La quatrième partie cherche ainsi à mettre au jour tout un « répertoire d’actions rythmiques » (p. 153) inventé par les hommes lents afin de ménager des moments qui échappent au tempo moderne. Et « comme c’est d’abord dans le domaine du travail que le sentiment de vitesse et d’accélération est éprouvé corps et âme » (p. 151), c’est aussi dans ce domaine, affirme l’historien, que l’on observe les premières formes de résistance organisée à la cadence moderne. Ainsi du sabotage et de la grève, qui visent tous deux à suspendre le cours ordinaire du temps social, le premier de façon plus ou moins spontanée, la seconde de manière nettement plus méthodique. Or, loin de se cantonner au seul domaine du travail, cette résistance « au temps rythmé de la modernité » (p. 194) s’exprime également dans des sphères d’activité qui, à première vue, ont pourtant peu à voir avec le champ économique, telles que les arts et la culture. C’est du reste particulièrement vrai de la musique, cet « art du temps » (p. 191) proclame Vidal, qui dans ses expressions populaires et longtemps marginalisées – on pensera ici aux formes musicales que sont la samba et le jazz –, parvient à imposer une expérience non linéaire, discontinue et donc subversive de la modernité.

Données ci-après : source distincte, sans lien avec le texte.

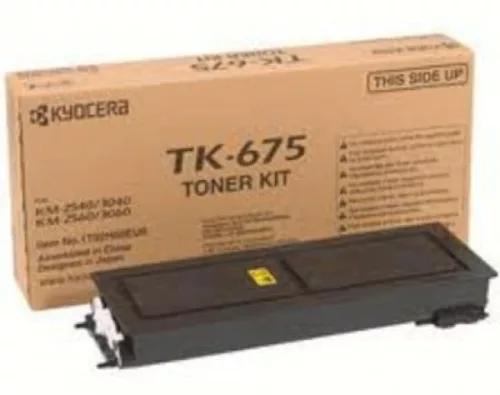 Kyocera TK-675 Black Eredeti Toner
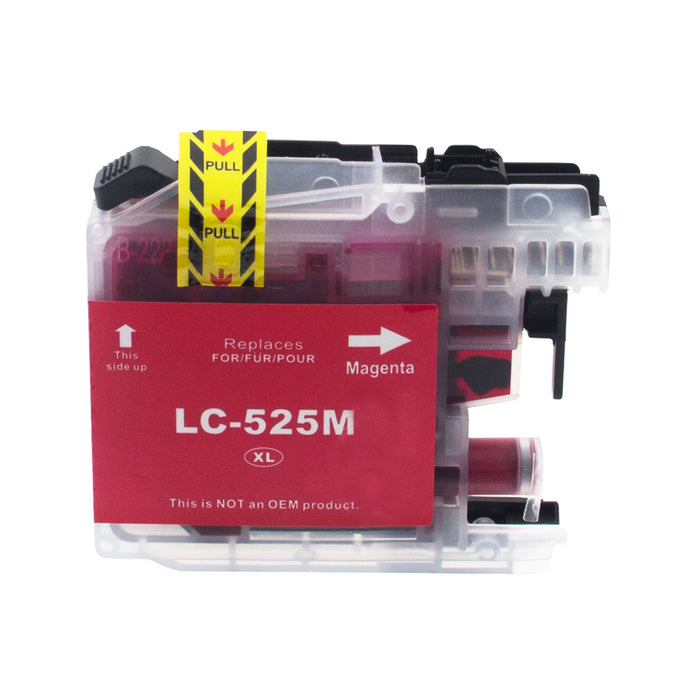 Brother LC-525XLM mustekasetti, tarvike 16.6ml Magenta, Takuu 3v.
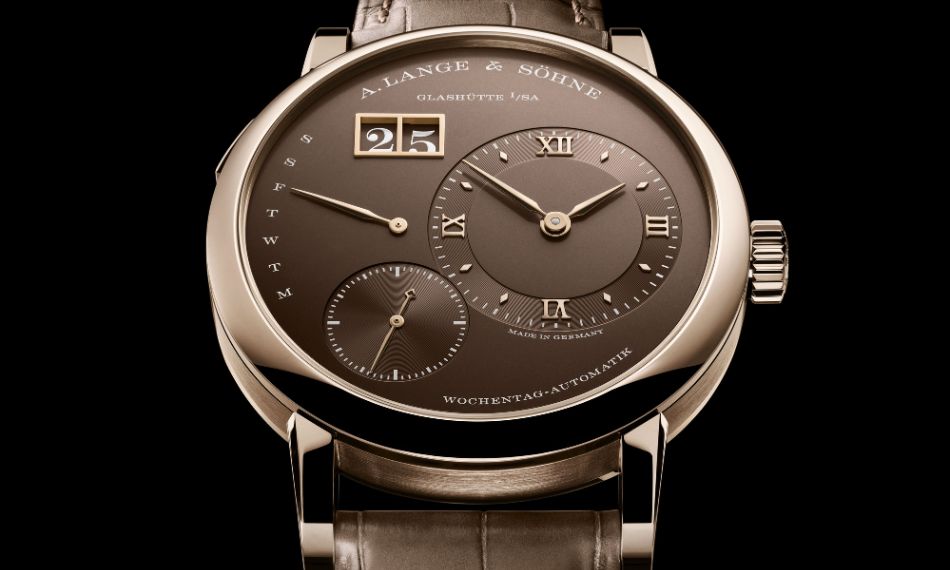 ドイツ時計の至宝「ランゲ 1」からハニーゴールド®750ケースとブラウン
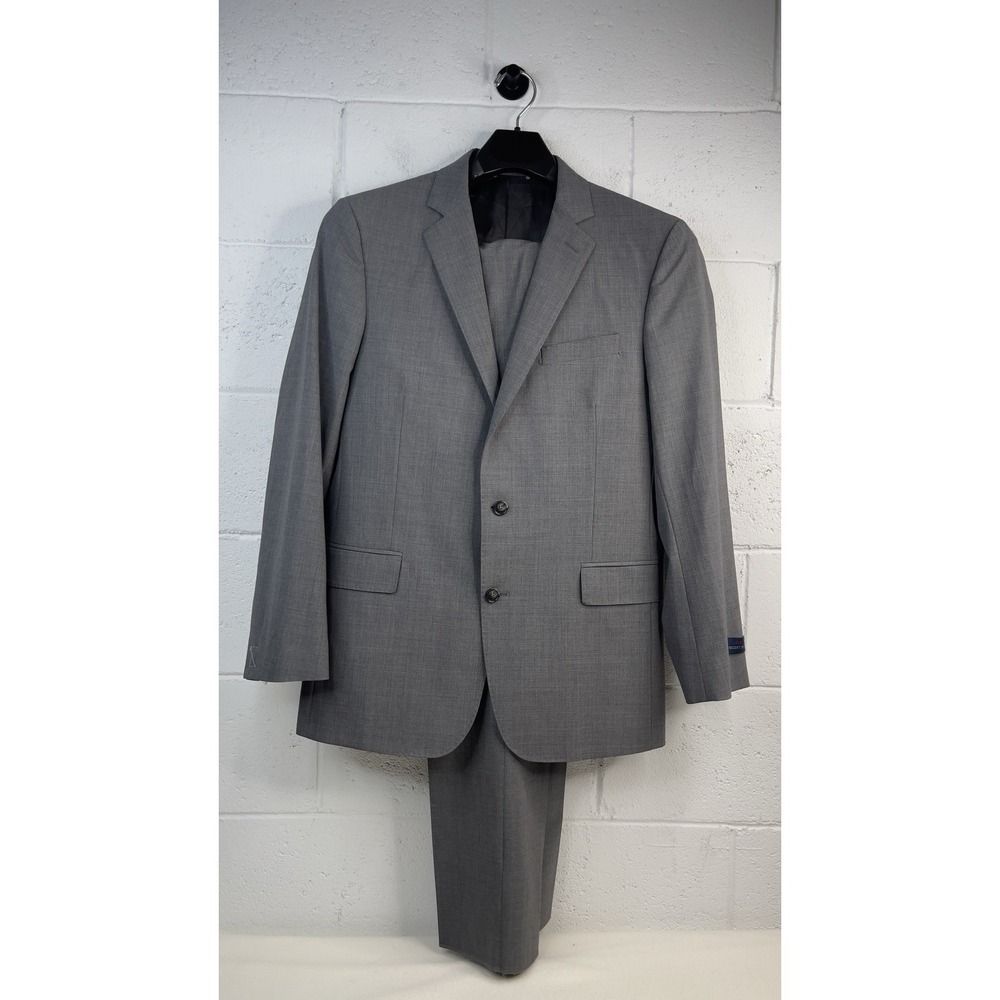 Brooks Brothers Men's Gray  Wool Regent Blazer 40R  And Classic Pants Set 34x37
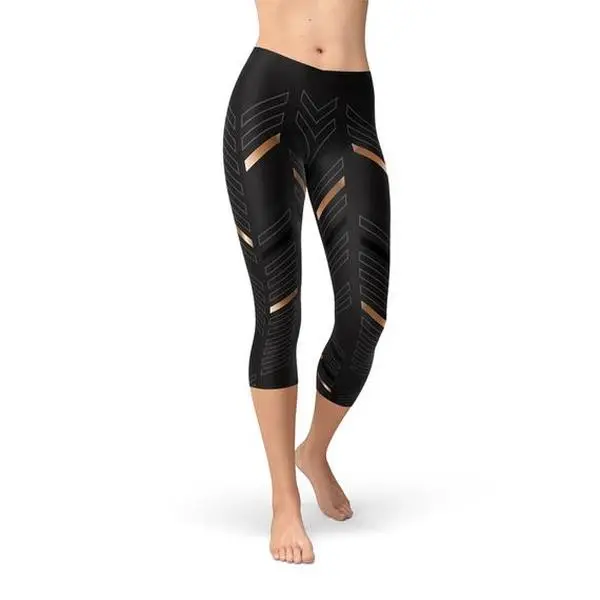 Momentum Striped Capri Leggings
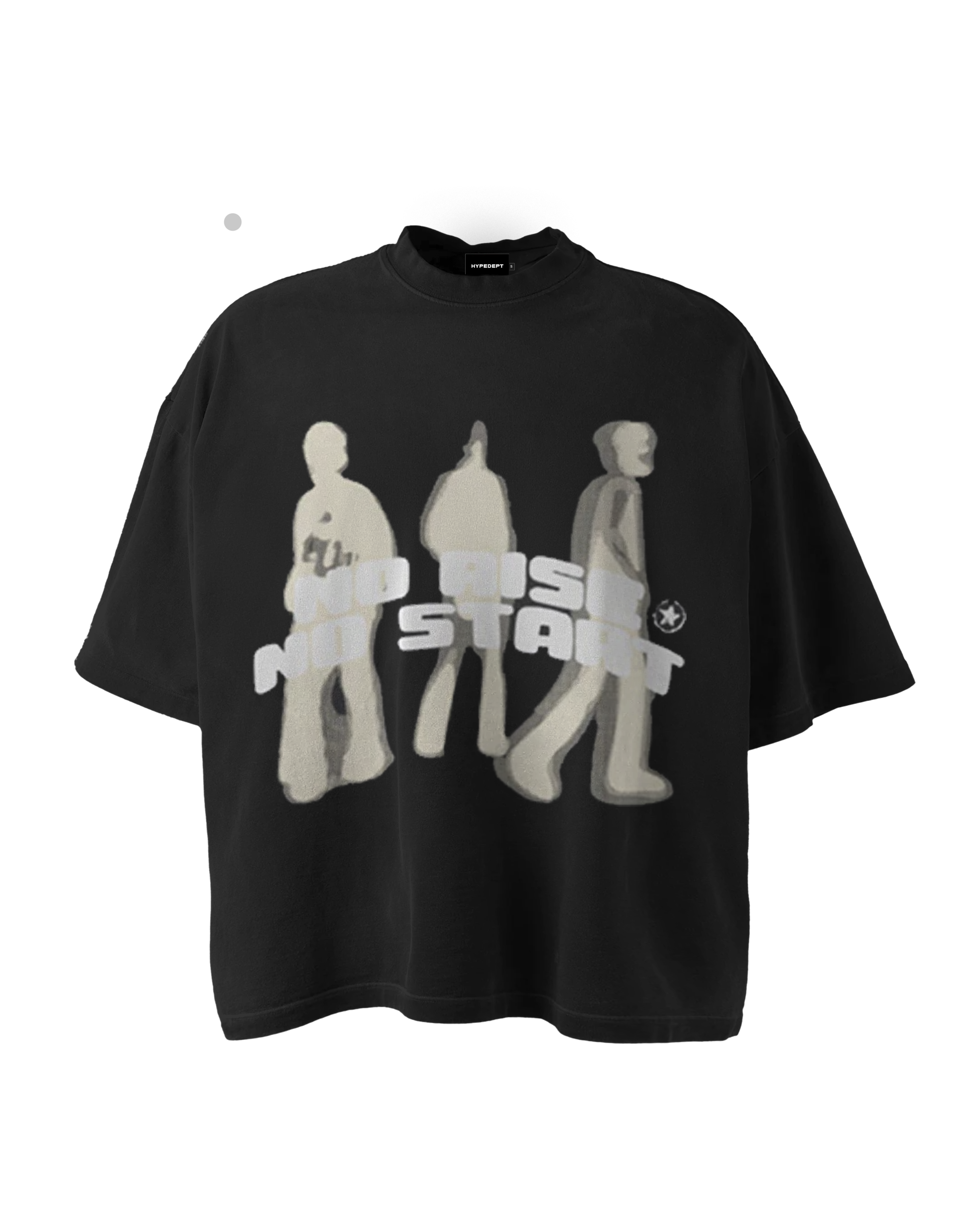 ShineNest Oversized Abstract Graphic T-Shirt – Vintage Streetwear Cotton Tee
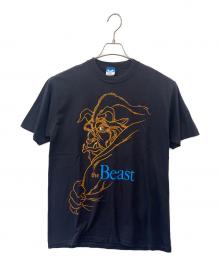 DISNEY（ディズニー）の古着「Disney　BEAST　半袖カットソー」｜ブラック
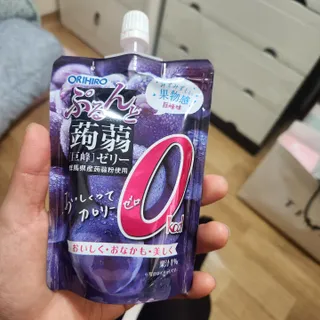 ORIHIRO 오리히로 곤약젤리 제로칼로리 130g 4종 4팩(맛별로 1팩씩) — 5점을 준 리뷰어가 2023년 1월 올린 사용 사진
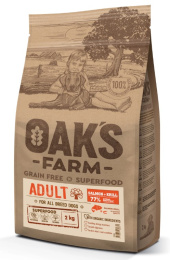 Сухой корм для собак OAK'S FARM Grain Free Adult All Breed Dogs (лосось, криль)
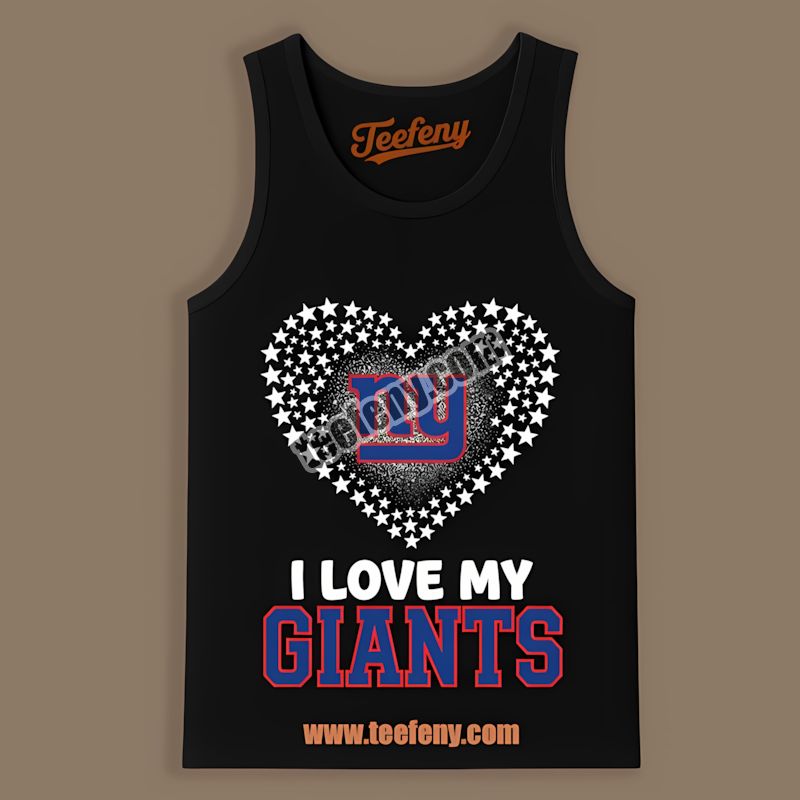 New York Giants I Love My Giants Heart Retro Tanktop New York Giants I Love My Giants Heart Retro Tanktop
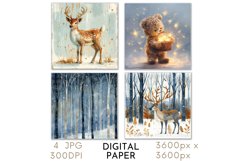 Christmas Card Paper Watercolor JPG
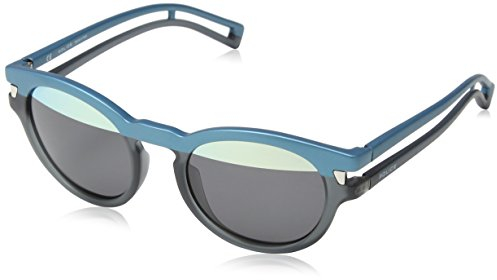 Police Damen-Sonnenbrille S1960M Neymar Jr 2 ovale Sonnenbrille Gr. 49mm, Türkis/Grau transparent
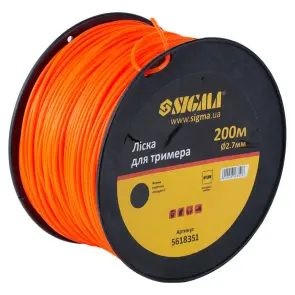 Ліска для тримера коло Ø2.7мм 200м котушка SIGMA (5618351) №2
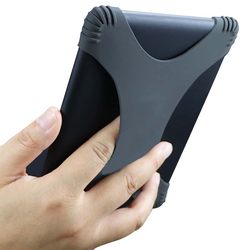 6inch Universal Handheld Stretchable E-Book Protective Case Silicone Material Soft Four-Corner Drop-Proof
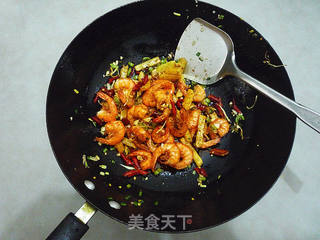 香辣椒盐土豆虾的做法步骤:15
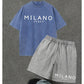 Heren Casual T-shirt en Shorts Set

Le livre s’achève enfin sur une courte conclusion dans laquelle l’auteur évoque les plus récentes mutations qui ont touché la figure des hommes lents. Celle-ci, note-t-il, « sous l’effet conjoint de la globalisation et de la révolution numérique » (p. 205), n’a certainement plus grand-chose à voir avec ce qu’elle était encore au siècle dernier. Cela étant, il serait faux de croire qu’elle a tout bonnement disparu ; en réalité, elle s’est adaptée aux nouvelles « formes de discrimination sociale par le rythme[,] [lesquelles] ne s’exerce[nt] plus tant sur les colonisés ou les exploités que sur les “hommes inutiles” » (p. 205), c’est-à-dire sur ceux dont « la tenue vestimentaire et la démarche » (p. 206) ne sont pas en phase avec les exigences d’efficacité et d’adaptabilité de l’époque. Vidal se demande d’ailleurs si nous n’assistons pas là finalement à un « retour de la physiognomonie » (p. 206), cette discipline qui prétendait pouvoir connaître le caractère ou la personnalité d’un individu en étudiant son apparence physique. En tout état de cause, il appert que l’époque actuelle entend elle aussi fustiger les hommes lents. Et si, « parmi [eux], figurent assurément en bonne place les exilés, déplacés et autres migrants » (p. 206), ce sont désormais les femmes qui, absentes jusqu’ici (!) du livre de Vidal, personnifient au mieux l’envers de la trame rythmique moderne. Ce sont elles, en effet, qui ont encore largement à charge le travail domestique – lequel, faut-il le rappeler, est peu valorisé économiquement et socialement – ; et ce sont elles, également, qui sont les « plus touchées par la précarisation du travail » (p. 212).

En somme, avec son livre Les hommes lents, Laurent Vidal propose certes une réinterprétation rythmique de la modernité ; mais il le fait en « envisage[ant] la lenteur comme une subversion possible de la cadence rapide imposée par le rythme des échanges et du travail » (p. 20). Avec pareil objectif, était-il vraisemblable de prétendre à l’exhaustivité ? Probablement pas, et c’est pourquoi il aura décidé d’interroger des phénomènes qui, s’ils confinent parfois au détail, n’en sont pas moins révélateurs d’une logique d’ensemble. Aussi est-ce sans doute une erreur que d’interpréter son livre comme une entreprise parfaitement achevée ; plutôt faut-il y voir les prolégomènes d’un travail à venir, travail que Vidal poursuivra peut-être lui-même, mais dont peut en outre espérer qu’il soit repris par d’autres.